Jack Page

Personal information
- Full name: John Page
- Date of birth: 24 March 1886
- Place of birth: Liverpool, England
- Date of death: 1951 (aged 64–65)
- Height: 5 ft 10 in (1.78 m)
- Position(s): Defender

Senior career*
- Years: Team / Apps / (Gls)
- Rochdale
- 1913–1920: Everton / 9 / (0)
- 1920–1926: Cardiff City / 71 / (0)
- 1926–1929: Merthyr Town / 100 / (1)

= Jack Page (footballer, born 1886) =

English footballer

John Page (24 March 1886 – 1951) was an English professional footballer who played as a defender. He made over 150 appearances in The Football League during spells with Everton, Cardiff City and Merthyr Town.

==Early life==
Page was born in Liverpool, to Robert William Page and Jane Page (née Galvin). His father worked as a crane driver at the nearby docks. His parents had ten children, although five died. Three of his brothers Willie, Tom and Louis also went on to become professional footballers.

==Career==
Page began his career with Rochdale before joining Everton in 1913. The outbreak of World War I interrupted his spell at the club, making nine appearances in The Football League during two full seasons with the club. In 1920, he signed for Cardiff City upon the club's election to the Second Division. Manager Fred Stewart had been impressed by Page's versatility, being able to play in any defensive position.
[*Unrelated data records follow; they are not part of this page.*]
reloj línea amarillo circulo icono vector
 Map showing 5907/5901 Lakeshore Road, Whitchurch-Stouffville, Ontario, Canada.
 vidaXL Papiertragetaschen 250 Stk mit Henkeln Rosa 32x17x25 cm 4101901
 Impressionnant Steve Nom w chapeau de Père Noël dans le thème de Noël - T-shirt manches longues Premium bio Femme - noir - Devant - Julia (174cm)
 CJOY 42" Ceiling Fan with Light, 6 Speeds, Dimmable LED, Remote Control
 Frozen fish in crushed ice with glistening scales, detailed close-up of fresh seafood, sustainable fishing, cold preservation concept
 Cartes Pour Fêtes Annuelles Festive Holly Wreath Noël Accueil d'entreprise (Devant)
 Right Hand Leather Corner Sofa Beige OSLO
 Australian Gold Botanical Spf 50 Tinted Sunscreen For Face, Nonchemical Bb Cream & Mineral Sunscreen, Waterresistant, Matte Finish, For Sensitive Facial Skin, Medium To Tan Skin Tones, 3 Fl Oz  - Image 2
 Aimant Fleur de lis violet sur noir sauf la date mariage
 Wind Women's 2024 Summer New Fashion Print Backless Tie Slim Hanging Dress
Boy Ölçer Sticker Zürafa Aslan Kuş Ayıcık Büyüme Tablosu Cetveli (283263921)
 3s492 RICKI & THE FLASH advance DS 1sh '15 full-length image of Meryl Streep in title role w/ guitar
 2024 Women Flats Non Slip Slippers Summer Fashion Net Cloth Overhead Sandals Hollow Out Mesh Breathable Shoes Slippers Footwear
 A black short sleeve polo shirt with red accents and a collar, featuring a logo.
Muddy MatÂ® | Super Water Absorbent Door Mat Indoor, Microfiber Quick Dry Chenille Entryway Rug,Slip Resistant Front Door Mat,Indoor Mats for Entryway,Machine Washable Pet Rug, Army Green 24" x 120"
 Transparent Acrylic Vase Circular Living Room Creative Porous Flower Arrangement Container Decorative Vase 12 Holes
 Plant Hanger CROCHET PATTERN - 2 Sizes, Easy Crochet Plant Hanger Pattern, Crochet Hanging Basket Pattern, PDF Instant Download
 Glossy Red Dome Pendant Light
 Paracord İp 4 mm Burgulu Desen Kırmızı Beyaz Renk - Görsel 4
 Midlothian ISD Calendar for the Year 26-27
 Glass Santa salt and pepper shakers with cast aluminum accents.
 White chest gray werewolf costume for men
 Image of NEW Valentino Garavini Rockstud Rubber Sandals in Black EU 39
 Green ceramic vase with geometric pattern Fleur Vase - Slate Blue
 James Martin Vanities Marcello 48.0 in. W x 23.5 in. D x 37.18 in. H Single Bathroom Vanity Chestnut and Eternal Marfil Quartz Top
Although never a consistent first choice, he remained with Cardiff for six seasons as the club won promotion to the First Division and established itself in the top tier. He made 71 appearances in league competition for the club, regularly covering for Charlie Brittain, Jimmy Blair or Jimmy Nelson due to injury or international duty. He left Cardiff in 1926 to join Merthyr Town where he made 100 league appearances, scoring his first league goal, and captained the side.